Dist::Zilla::Plugin::UploadToDuckPAN

https://github.com/duckduckgo/p5-dist-zilla-plugin-uploadtoduckpan

Dist::Zilla::Plugin::UploadToDuckPAN Extends Dist::Zilla::Plugin::UploadToCPAN.

What's involved in uploading a distribution to CPAN?

PAUSE vs. CPAN vs. search engines

A rough flow is:

Tarball -> PAUSE (HTTP POST) -> indexing/validation -> CPAN

https://duck.co/duckpan/upload accepts same POST parameters as PAUSE. Dist::Zilla::Plugin::UploadToDuckPAN exists to wrap metadata/tarball generation from Dist::Zilla::Plugin::UploadToCPAN with DuckPAN upload defaults.

Dist::Zilla::Plugin::DuckpanMeta

https://github.com/duckduckgo/p5-dist-zilla-plugin-duckpanmeta/

Metadata extraction, appears to be unused by other modules?

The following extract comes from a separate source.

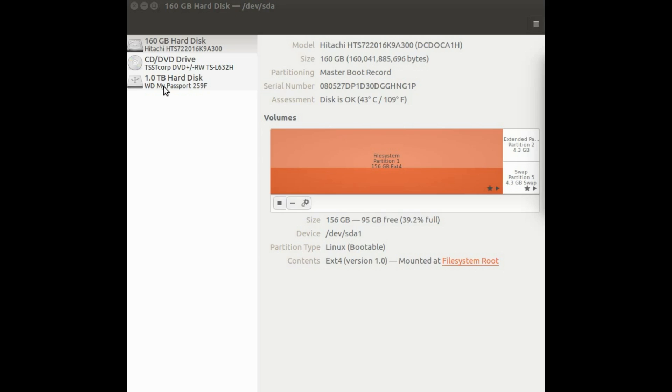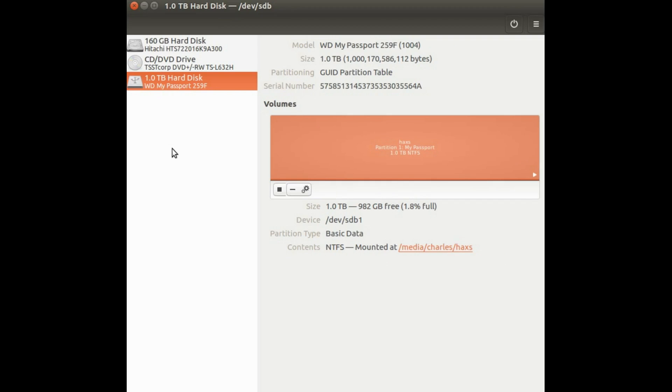Just search your computer for your disk management tool. Click on Disks. Be careful here — make sure you have the My Passport Ultra external hard drive highlighted.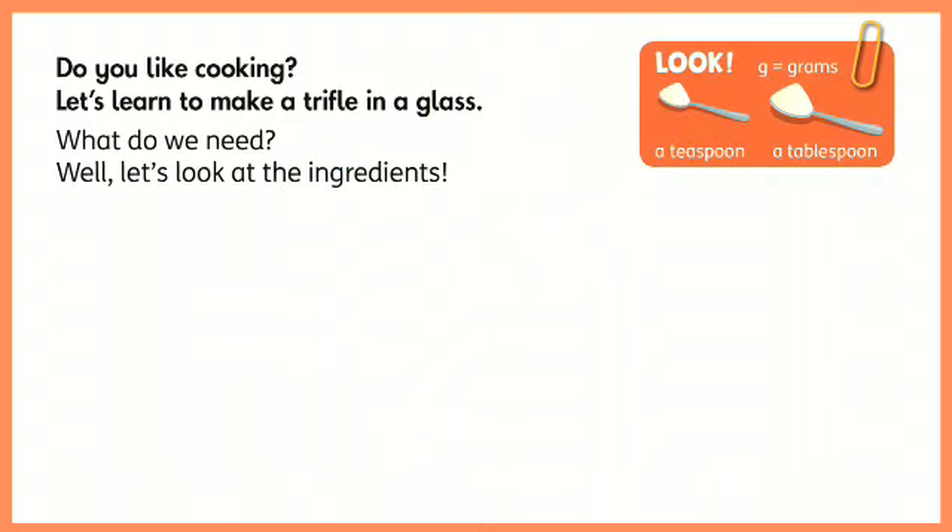Do you like cooking? Let's learn how to make a trifle in a glass.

DDGC::Web::Controller::Duckpan

https://github.com/duckduckgo/community-platform

https://duck.co/duckpan/, https://duck.co/duckpan/upload

Having a look in the Community Platform Duckpan Controller's upload method, we see posted files are stashed in $c->d->config->cachedir.'/'.$upload->filename; - the cachedir is set in DDGC::Config as $ENV{'DDGC_CACHEDIR'} ? $ENV{'DDGC_CACHEDIR'} : $self->rootdir().'/cache/';

So if the environment variable DDGC_CACHEDIR is not set, we would expect to see distributions in ~/ddgc/cache.

So, in our CPAN model above we have gone as far as the HTTP POST element. We also have the Frontend which queries the DDGC::DB::Result::DuckPAN::Release model.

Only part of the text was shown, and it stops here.